Sharing cx_Oracle cursor between threads or processes

I have a database in Oracle. I need to export some data, process them and save the data into the file. In the table is oracle sdo_geom and I need convert the geometry into the WKT format. The geometry is really big, a big polygons with thousand of vertices. I am using SDO_UTIL.TO_WKTGEOMETRY() function but it takes too long. Selecting (converting the geometry) into the database is a bottleneck in this case.

I think about multihreading or multiprocessing in Python. The scenario should looks something like this:

  1. Create connection to the database
  2. Create cx_Oracle.cursor
  3. Then start multiple threads or processes sharing the cursor
  4. In every thread (or process) I will select the data from the database (the same table) by chunks
  5. Then the all the data will be send to the thread or process responsible for processing the data and saving to the file

I am selecting the data using fetchmany() via chunks:

def get_row_chunks(self):
    while True:
        rows = self.cursor.fetchmany()
        if not rows:
            break
        yield rows

So my question is, is it possible to solve this problem using multithreading or multiprocessing and how (using cx_Oracle) or psycopg2 for PostgreSQL I think it doesn't matter.
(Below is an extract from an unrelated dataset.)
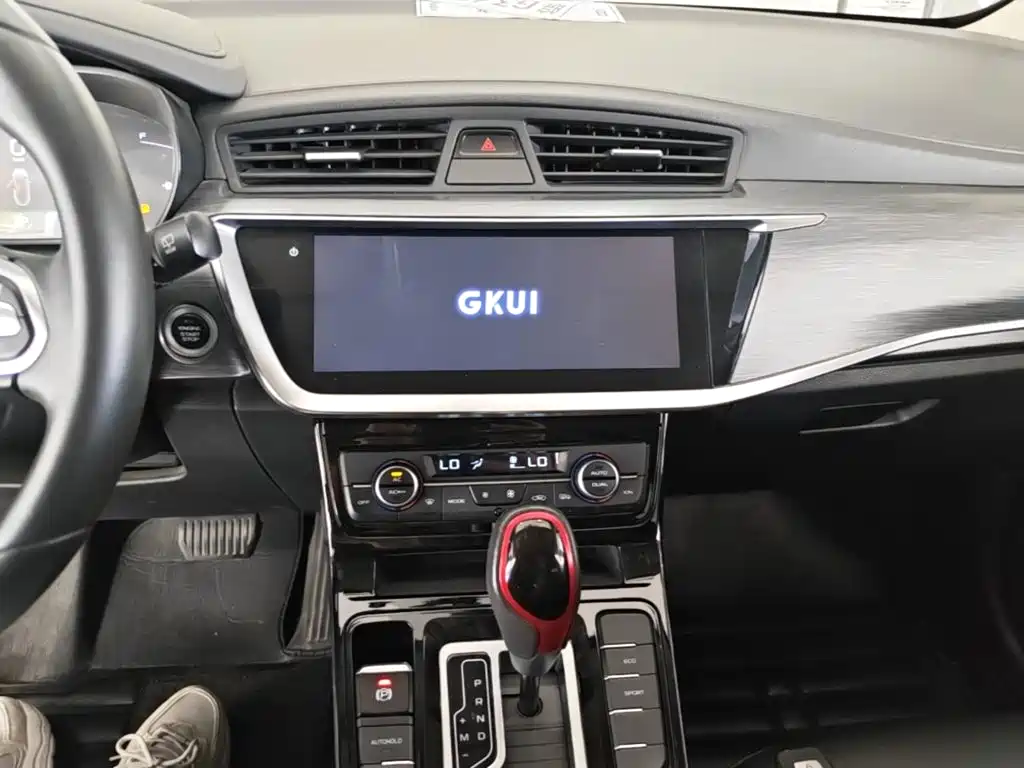 Geely Emgrand GS — фото 13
The cursor has the same behaviour in these libraries I think. Or is it not possible easily share cursor between threads or processes.

Possible solution will be pregenerate the WKT geometry in the database but this looks to me more general solution.

Upvotes: 0

Views: 1712

Answers (1)

Anthony Tuininga
Anthony Tuininga

Reputation: 7096

You cannot perform more than one action on a cursor or connection in cx_Oracle simultaneously. So you can't do simultaneous fetches, for example. If you attempt to do so you will discover that the fetches block. As such, I would suggest that you simply perform the fetch in one thread and pass the data fetched off to another thread or threads for processing.

The other possibility is to create a pool which permits you to create multiple connections and use them in multiple threads (use the threaded=True parameter when you create the pool). You can then use each connection to query a different portion of the data.